Problem to solve:
Begin at the line below that has "Fototapeta premium Futuristic". Stop after the line that has "Banner for World", repeating each line exactly and leaving out the pictures.

Data excerpts:
>>>

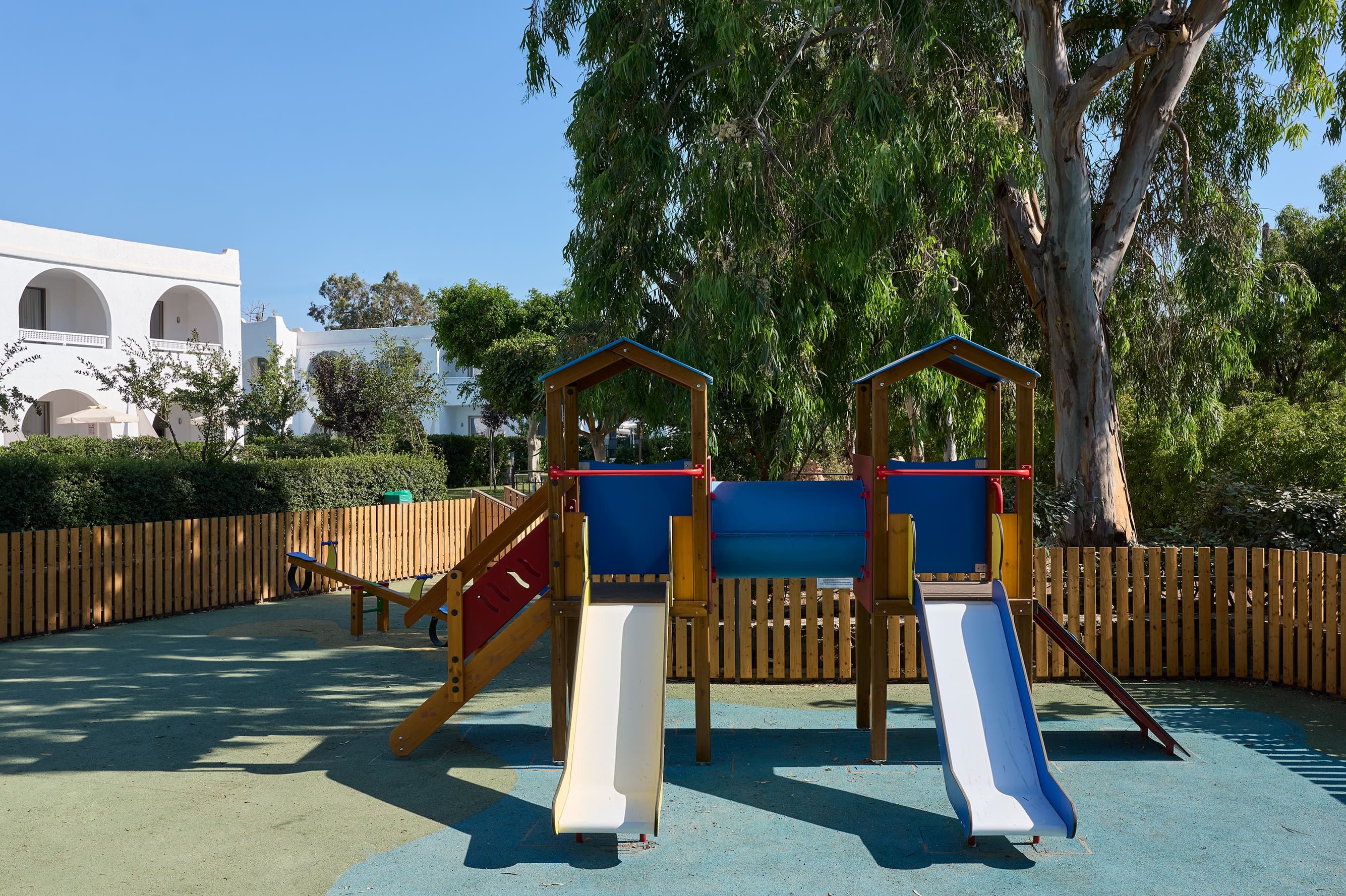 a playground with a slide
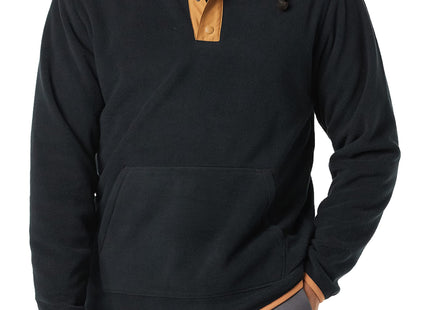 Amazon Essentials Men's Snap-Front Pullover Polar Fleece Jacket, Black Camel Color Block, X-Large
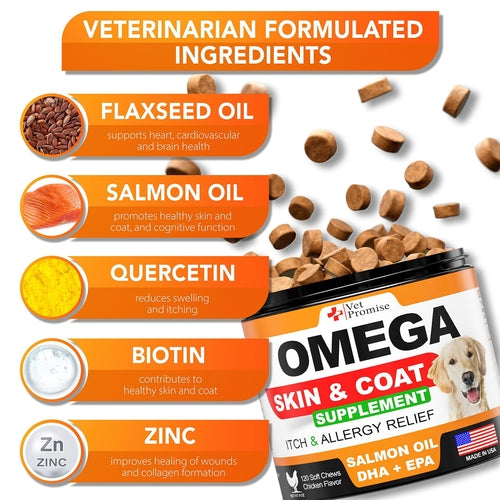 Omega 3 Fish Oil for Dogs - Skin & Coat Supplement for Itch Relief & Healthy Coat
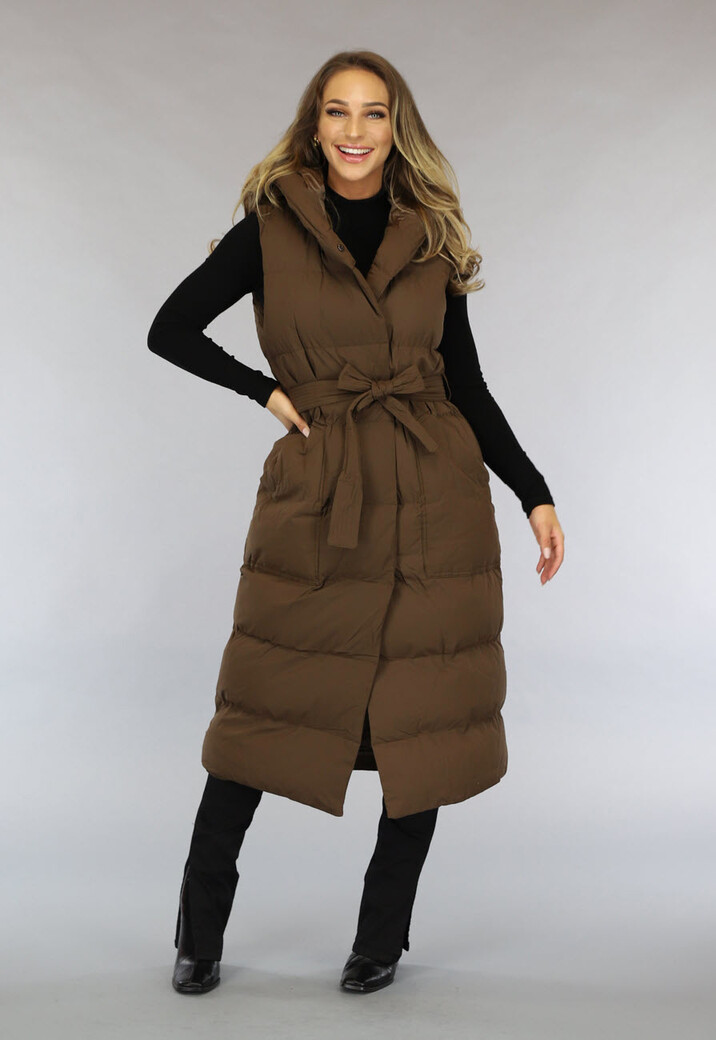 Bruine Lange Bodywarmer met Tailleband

<<<
>>>

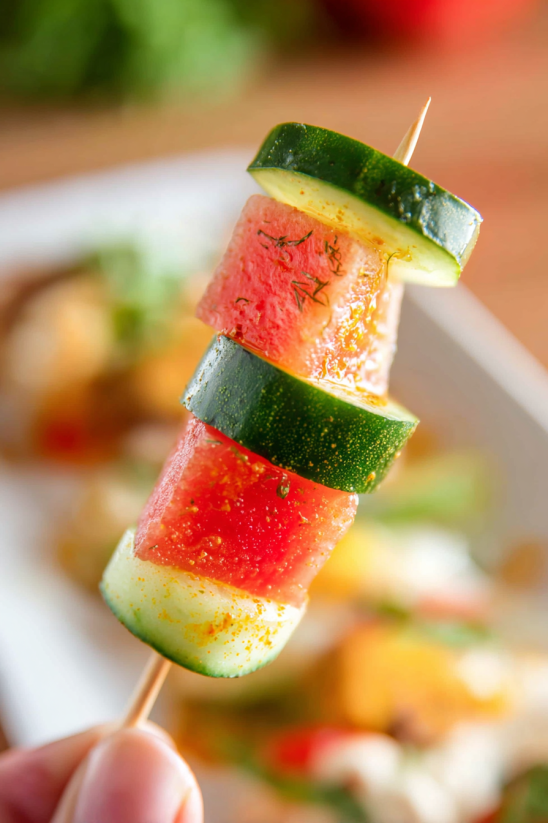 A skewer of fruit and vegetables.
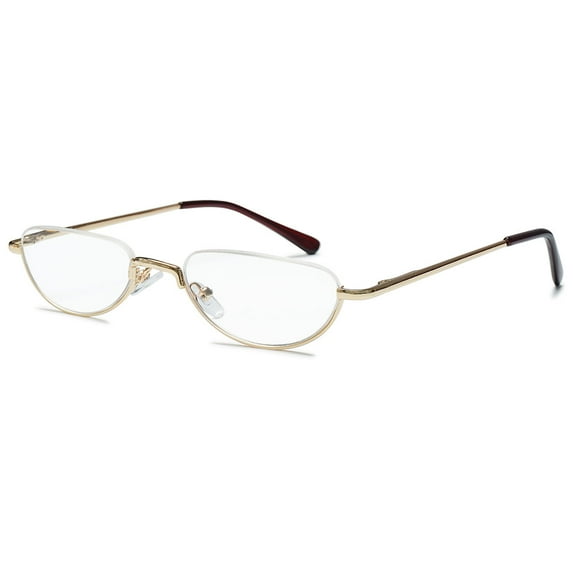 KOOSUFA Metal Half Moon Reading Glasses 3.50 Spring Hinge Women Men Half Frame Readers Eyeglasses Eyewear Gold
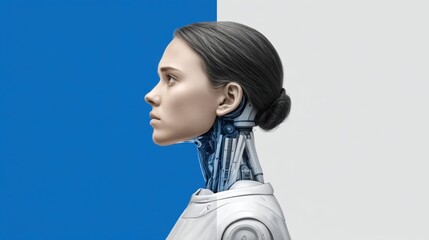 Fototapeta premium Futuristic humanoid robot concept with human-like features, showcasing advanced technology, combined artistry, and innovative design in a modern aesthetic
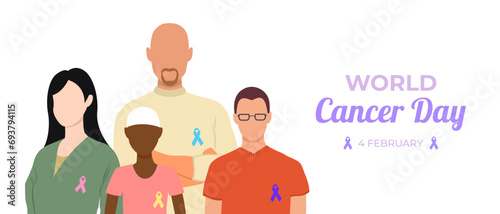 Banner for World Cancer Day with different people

<<<

Result:
 Fototapeta premium Futuristic humanoid robot concept with human-like features, showcasing advanced technology, combined artistry, and innovative design in a modern aesthetic
 Banner for World Cancer Day with different people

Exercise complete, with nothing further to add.